Gustavo Dessal[1]

Si queremos seguir la orientación lacaniana, tengamos presente que Lacan nos aconsejó no pretender imitarlo. Él no profesaba una simpatía especial por quienes repetían su doctrina de manera obsecuente y siempre esperaba que en su auditorio surgiese alguna disidencia, algún debate, una voz que cuestionase algo. Eso le resultaba particularmente estimulante. Cuando dijo en La Tercera que “mis sueños no está inspirados por el deseo de dormir; a mí me mueve más bien el deseo de despertar. Pero, en fin, es particular”[2], es importante destacar cómo culmina esa frase: se trata de su posición particular. ¿Qué intento decir con esto? Que el despertar no es una fórmula magistral de la que los psicoanalistas debemos hacernos portavoces, como si se tratase de un mensaje evangélico. No somos tributarios de una fe, y si de verdad estamos convencidos de que el concepto de Escuela nos ofrece la oportunidad de distinguirnos de una Iglesia, hagamos un buen uso de él y no tomemos las cosas por la punta de su religiosidad. No somos necesariamente gente que nos hayamos desprendido de forma definitiva del sueño. Por lo tanto, hablaremos del despertar con la debida prudencia a la que nos obliga lo que como mínimo es exigible a un psicoanalista: que haya elaborado algo de su relación con el narcisismo. Después de todo, esa es una reflexión que encontramos en Lacan desde sus inicios, y que en el seminario VIII, La transferencia, nos acerca a este tema. Citando a Píndaro[3], Lacan escribe: “Sueño de una sombra, el hombre”.

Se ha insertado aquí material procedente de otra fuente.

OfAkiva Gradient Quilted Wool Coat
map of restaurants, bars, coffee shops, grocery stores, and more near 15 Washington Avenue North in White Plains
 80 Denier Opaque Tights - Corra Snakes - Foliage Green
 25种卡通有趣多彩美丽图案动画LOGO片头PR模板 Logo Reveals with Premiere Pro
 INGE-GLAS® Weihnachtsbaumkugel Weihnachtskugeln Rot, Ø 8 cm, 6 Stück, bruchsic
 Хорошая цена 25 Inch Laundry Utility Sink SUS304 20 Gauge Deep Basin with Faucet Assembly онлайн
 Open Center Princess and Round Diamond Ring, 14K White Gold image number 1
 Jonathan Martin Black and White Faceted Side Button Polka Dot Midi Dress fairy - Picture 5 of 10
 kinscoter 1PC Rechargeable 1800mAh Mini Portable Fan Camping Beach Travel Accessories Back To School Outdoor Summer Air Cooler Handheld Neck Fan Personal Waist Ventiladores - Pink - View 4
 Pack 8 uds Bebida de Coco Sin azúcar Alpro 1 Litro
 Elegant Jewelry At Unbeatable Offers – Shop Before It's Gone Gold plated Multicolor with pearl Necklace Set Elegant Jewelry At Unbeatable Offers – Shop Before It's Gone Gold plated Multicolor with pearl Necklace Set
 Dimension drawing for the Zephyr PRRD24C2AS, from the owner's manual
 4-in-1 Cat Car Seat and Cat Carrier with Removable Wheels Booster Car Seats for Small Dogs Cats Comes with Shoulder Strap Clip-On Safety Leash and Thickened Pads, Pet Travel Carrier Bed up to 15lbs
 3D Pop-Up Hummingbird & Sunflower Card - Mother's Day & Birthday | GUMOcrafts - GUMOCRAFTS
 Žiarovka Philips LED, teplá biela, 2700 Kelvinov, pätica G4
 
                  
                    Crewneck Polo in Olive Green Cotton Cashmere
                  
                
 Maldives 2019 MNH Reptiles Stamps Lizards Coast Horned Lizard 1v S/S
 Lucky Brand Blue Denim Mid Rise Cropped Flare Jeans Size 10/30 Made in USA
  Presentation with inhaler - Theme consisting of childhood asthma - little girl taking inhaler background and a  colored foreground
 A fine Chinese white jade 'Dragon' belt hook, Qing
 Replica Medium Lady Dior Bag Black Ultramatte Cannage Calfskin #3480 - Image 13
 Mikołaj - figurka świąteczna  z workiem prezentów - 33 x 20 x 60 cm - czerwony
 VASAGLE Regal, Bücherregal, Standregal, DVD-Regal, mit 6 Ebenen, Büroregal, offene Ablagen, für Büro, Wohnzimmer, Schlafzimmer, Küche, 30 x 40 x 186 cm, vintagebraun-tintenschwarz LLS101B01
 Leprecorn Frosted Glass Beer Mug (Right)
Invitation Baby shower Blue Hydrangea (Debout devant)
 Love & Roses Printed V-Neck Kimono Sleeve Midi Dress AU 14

Aunque la función de la identificación narcisista es absolutamente esencial en la constitución subjetiva, es bien cierto que Lacan demuestra su dimensión de desconocimiento. El sujeto no puede verse a sí mismo, pero se mira en el yo. La visión especular tiene una función de sombra, en tanto sirve para oscurecer la división del sujeto. Dicho sujeto no es localizable en el espejo, sino en el campo simbólico, el Otro donde se encuentra ese punto de I mayúscula, el rasgo unario. Todavía allí, en ese seminario, Lacan concibe el sueño como “errancia del significante”[4], y por lo tanto considera que el sueño es un primer acceso a la idea de que hay algo más real que la sombra: “lo real del deseo, del que dicha sombra me separa”[5]. Lo “real del deseo” no es una expresión que se adivine de inmediato. Es preciso leer esas páginas del seminario sobre la transferencia  con mucha atención para entender que el  deseo no tiene una relación directa con su objeto, sino todo lo contrario. Es real precisamente por eso, porque la significancia introduce toda clase de objeciones a la relación entre el deseo y el objeto. Es, en definitiva, algo que participa de la misma lógica que algunos años más tarde aplica Lacan cuando nos dice que el goce fálico es lo que hace obstáculo entre el sujeto y el cuerpo del otro. “Con el analista, el hombre se despierta”, argumenta Lacan[6]. Se despierta porque el analista es quien puede, en el discurso del sujeto, separar la demanda de lo real del deseo.